EXERCISE BRIEF
Retype, without changes or pictures, only the lines that begin at the one containing "Loft en venta en Talavera De La Reina, La Estación Loft" and end at the last line of the records that follow.

Pictures with short captions
##############################

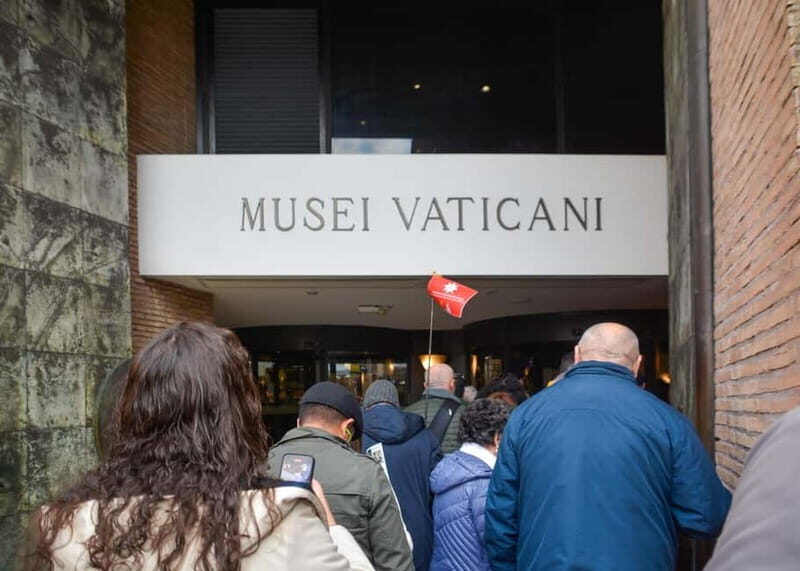 Rome: Vatican Museums, Sistine Chapel and Basilica Tour - Is This Tour Right for You?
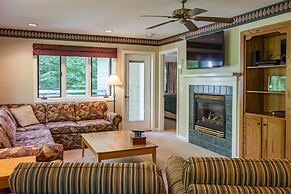 Smugglers' Notch Resort Private Suites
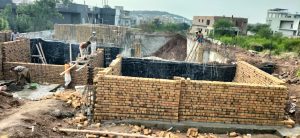 Residential Architect in Islamabad – North Ridge Residence by Diamond Architects - Image 2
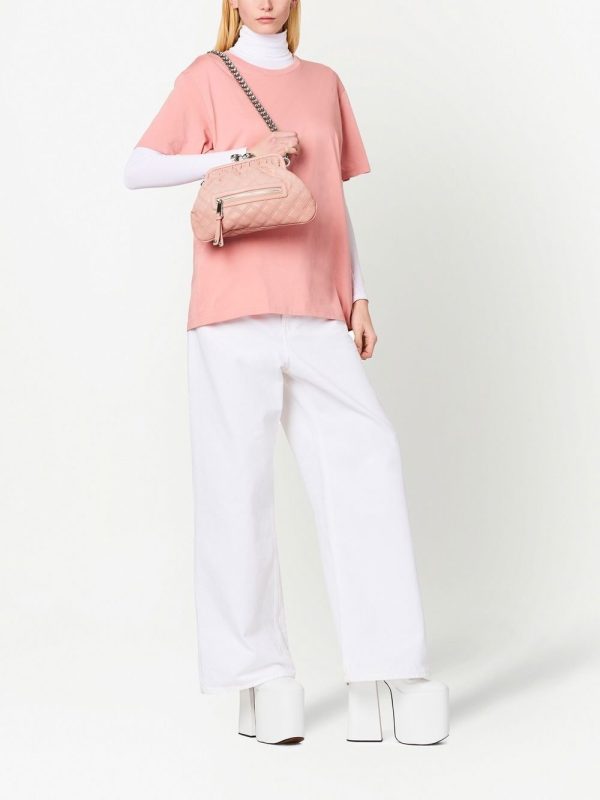 Marc Jacobs The Little Stam crossbody bag - Image 2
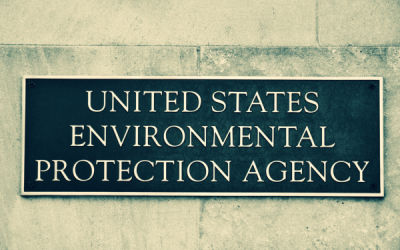 EPA Announces New Office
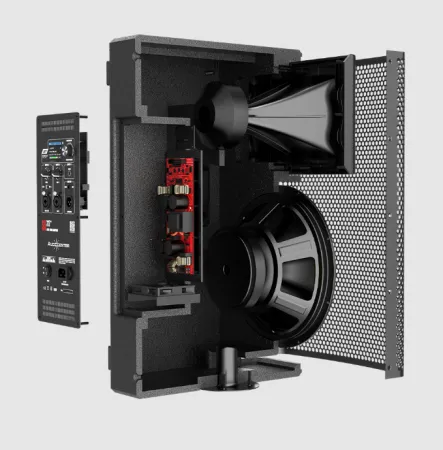 Купить Audiocenter SA312+ по выгодной цене в Челябинске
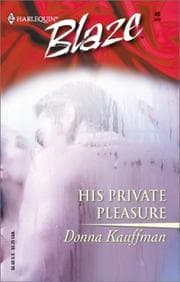Tapa de His Private Pleasure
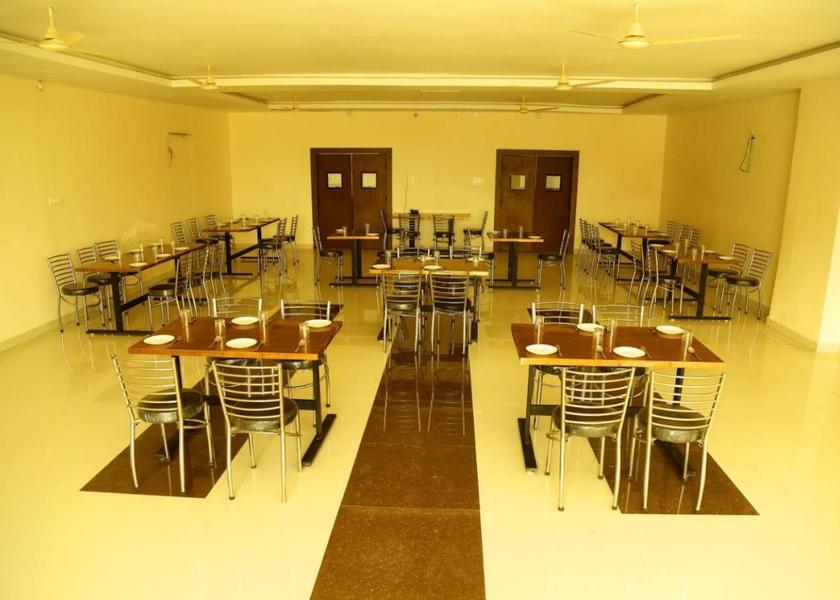 Rajasthan Chittorgarh Food & Dining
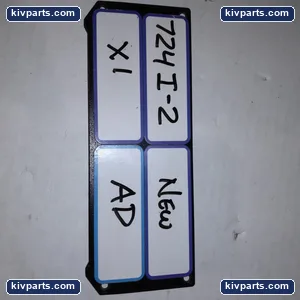 IDEC RH4B-U Plug-In Power Relay – actual item, photo 4 of 4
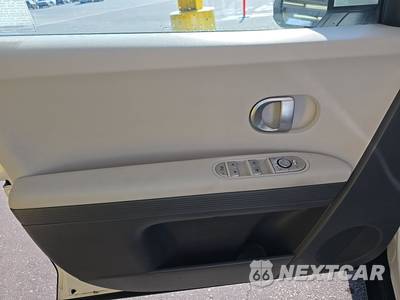 2024 Hyundai IONIQ 5 SE - zdjęcie 9 z 22 - miniatura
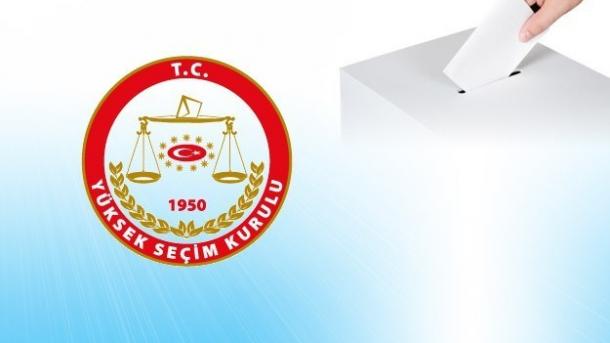 土耳其将于6月7日举行议会选举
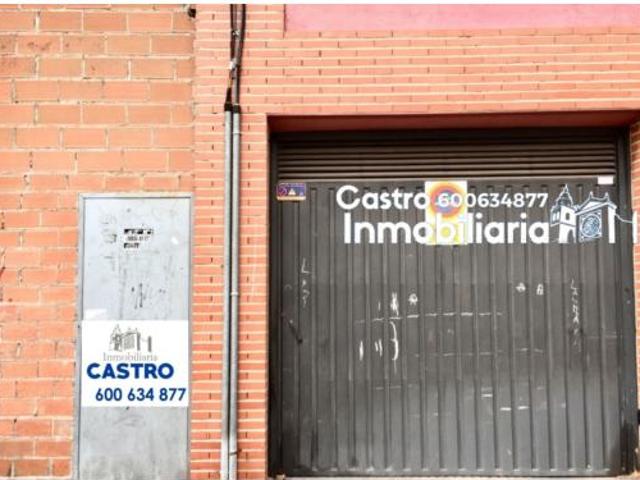 Loft en venta en Talavera De La Reina, La Estación Loft en venta en Talavera De La Reina, La Estación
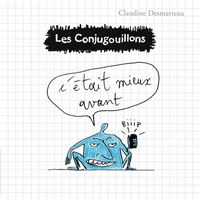 Produktbild: Les conjugouillons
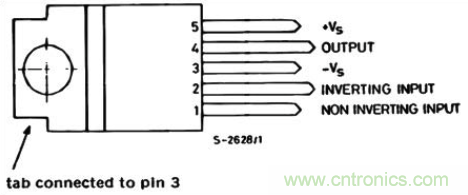 【收藏】音頻放大器電路解析 【收藏】音頻放大器電路解析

##############################

ANSWER AREA
 Loft en venta en Talavera De La Reina, La Estación Loft en venta en Talavera De La Reina, La Estación
 Produktbild: Les conjugouillons
 【收藏】音頻放大器電路解析 【收藏】音頻放大器電路解析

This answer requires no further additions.